Bilan de l’incendie n˚**** dans le quartier ouest de H. avenue S. Immeuble n˚13Durée de l’incendie : 2h40
Nombre de blessé(s) : 36
Nombre de mort(s) : 5
Origine : Appartement 405, explosion dans la cuisine, plaque de cuisson au gaz non éteinte.
Cause : Humaine (négligence)
...
Ted était mort.
Quatre ans, trois mois et deux semaines après que je l’ai quitté. Quatre ans, trois mois et deux semaines après que je l’ai abandonné.
C’était la réalité.
Qu’importe que je crie, que je pleure, ou que je meurs. Qu’importe aussi que je tue de mes propres mains l’enfant maudit. Celui qui avait survécu en dépit de Ted. Nous étions seuls avec notre solitude et nos remords. Je l’ai pris à ma tutelle, Ted et moi n’avions pas encore divorcé alors selon la loi il me revenait de droit. Je le haïssais à un point où toute ma colère n’était devenu que superflu.
Après la disparition de notre tendre aimé, il était telle une coquille vide. C’était le moindre des prix à payer. Je savais qu’il était plus ou moins responsable de l’incendie et il devait le savoir aussi. J’attendais patiemment que la culpabilité le ronge et pourrisse son corps jusqu’à la moelle. Attendre des années ne me dérangeait pas. Nous avions tout perdu et une longue vie qui s’étendait encore devant nous.
...
Ce fils de pute avait fait une tentative de suicide. Il avait avalé tous les somnifères de ma réserve. Qu’est-ce qu’il croyait ? Que je n’avais jamais songé à cette idée ? Un rapide lavage d’estomac et tout était parti. Jamais je ne le laisserais crever aussi facilement. Mais grâce à cette action des plus stupides, j’avais l’occasion de le renvoyer à l’hôpital des fous, là où il aurait toujours dû se trouver.
...
Les bonnes nouvelles s’enchainaient avec entrain.

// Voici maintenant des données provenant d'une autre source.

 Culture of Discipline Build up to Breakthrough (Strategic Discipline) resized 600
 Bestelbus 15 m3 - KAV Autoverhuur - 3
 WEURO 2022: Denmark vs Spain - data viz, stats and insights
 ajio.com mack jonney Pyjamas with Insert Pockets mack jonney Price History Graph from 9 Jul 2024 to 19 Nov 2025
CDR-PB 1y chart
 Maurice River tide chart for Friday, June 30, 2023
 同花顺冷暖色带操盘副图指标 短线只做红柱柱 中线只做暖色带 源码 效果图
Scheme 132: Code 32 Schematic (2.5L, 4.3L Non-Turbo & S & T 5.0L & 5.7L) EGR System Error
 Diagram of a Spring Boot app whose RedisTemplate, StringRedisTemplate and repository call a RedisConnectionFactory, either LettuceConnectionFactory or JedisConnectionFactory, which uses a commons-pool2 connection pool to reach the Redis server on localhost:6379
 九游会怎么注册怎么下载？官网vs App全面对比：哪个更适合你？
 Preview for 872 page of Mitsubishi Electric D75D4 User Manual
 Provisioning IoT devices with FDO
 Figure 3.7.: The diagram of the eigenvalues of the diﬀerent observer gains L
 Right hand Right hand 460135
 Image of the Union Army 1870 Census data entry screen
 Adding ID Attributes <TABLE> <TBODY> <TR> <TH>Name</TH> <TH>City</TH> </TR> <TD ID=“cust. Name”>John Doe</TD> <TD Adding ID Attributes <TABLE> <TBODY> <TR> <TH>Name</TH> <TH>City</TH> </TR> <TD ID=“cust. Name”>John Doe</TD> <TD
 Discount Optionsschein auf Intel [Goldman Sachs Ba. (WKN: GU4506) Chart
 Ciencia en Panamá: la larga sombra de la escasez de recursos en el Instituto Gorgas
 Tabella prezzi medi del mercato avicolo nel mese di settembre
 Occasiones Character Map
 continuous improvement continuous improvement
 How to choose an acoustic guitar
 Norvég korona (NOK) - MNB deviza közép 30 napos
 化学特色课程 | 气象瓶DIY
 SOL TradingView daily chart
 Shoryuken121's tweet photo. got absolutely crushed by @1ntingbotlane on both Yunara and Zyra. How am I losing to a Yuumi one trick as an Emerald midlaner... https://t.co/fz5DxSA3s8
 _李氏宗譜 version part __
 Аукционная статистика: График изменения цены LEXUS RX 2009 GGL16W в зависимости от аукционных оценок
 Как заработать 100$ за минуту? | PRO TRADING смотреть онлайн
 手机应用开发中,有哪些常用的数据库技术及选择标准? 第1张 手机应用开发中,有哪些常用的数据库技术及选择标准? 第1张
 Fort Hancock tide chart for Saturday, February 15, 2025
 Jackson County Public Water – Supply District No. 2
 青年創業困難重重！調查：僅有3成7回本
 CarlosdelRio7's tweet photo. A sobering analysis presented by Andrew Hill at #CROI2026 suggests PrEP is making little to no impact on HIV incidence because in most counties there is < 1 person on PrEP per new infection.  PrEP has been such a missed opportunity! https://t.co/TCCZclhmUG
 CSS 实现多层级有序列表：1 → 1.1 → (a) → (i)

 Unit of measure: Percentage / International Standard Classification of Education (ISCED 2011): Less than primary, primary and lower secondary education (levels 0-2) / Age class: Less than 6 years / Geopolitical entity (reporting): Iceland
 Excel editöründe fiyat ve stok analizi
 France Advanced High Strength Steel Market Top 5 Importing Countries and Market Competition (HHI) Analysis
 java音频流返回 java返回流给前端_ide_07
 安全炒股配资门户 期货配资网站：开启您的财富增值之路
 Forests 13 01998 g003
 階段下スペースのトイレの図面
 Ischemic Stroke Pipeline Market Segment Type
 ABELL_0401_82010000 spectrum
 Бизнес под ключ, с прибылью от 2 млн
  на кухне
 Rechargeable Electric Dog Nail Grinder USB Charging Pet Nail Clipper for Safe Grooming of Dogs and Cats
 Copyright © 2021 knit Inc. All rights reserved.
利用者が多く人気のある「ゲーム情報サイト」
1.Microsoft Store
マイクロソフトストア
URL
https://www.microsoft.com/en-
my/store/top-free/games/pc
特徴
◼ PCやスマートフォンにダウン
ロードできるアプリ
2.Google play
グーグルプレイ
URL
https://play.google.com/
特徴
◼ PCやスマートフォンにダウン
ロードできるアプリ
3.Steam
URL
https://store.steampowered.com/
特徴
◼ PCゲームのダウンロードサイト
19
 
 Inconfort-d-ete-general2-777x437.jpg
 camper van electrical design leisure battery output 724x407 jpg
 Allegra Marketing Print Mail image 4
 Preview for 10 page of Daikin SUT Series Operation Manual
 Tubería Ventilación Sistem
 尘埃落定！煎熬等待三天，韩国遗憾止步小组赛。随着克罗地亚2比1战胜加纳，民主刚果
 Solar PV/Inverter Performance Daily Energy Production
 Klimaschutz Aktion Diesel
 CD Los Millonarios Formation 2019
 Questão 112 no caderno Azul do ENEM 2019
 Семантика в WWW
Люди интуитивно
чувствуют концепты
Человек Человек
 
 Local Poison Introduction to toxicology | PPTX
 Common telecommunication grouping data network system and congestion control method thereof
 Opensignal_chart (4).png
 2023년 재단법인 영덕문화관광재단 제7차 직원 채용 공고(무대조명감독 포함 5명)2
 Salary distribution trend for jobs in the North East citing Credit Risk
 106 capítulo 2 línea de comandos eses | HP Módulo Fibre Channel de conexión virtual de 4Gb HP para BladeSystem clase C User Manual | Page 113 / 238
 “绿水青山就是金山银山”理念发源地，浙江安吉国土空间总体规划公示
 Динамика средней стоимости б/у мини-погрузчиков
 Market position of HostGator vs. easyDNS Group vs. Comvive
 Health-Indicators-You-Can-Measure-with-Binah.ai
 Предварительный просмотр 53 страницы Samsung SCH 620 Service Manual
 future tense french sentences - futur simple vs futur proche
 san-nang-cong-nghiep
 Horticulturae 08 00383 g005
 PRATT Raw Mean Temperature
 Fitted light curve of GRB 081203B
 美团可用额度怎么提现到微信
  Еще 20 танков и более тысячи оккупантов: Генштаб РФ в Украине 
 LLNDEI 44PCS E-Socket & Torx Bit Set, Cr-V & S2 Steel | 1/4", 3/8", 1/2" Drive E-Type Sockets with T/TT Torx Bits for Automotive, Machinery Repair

Hier soir, j’avais reçu un appel de l’hôpital où Shin était interné. On me réclamait d’urgence. J’eus peur un instant qu’il ait pu réussir à se pendre avec les draps de son lit comme on en voyait parfois dans les téléfilms dramatiques. La secrétaire me rassura vite : il allait « bien » mais ce n’était pas le cas des « autres ». Je n’appris plus tard que les autres étaient également des patients de l’hôpital.
Je n’aurais jamais cru être un jour si enthousiaste à me rendre dans ce genre d’endroit.
Le médecin à la charge de Shin m’accueillit avec empressement et m’expliqua la situation. Shin avait agressé deux de ses camarades. La cause est encore floue. Le premier avait été lacéré de coups et de griffures et le deuxième, entre la vie et la mort au bloc opératoire. Apparemment, il aurait été mordu à plusieurs reprises et plus particulièrement au niveau du ventre dans laquelle avait été arraché une bonne partie de la chair.
Eh bien, Shin s’était surpassé sur ce coup-là ! Je ne pouvais que pleinement le féliciter de son envol en enfer !
Avec tous ses événements, j’envisageai avec excitation son envoi au trou. Le médecin réfuta cette idée mais en eut une autre qui fut tout aussi charmante.
J’avais eu déjà eu vent de cet hôpital terrible en Corée du nord. Un vieux manoir où les pires des aliénés séjourneraient. C’était parfait pour Shin. J’eus simplement à apposer ma signature sur quelques papiers dont je feignis d’y attacher une grande attention à la lecture. Des derniers
blabla pour clôturaient le tout et voilà, Shin avait un aller simple au paradis.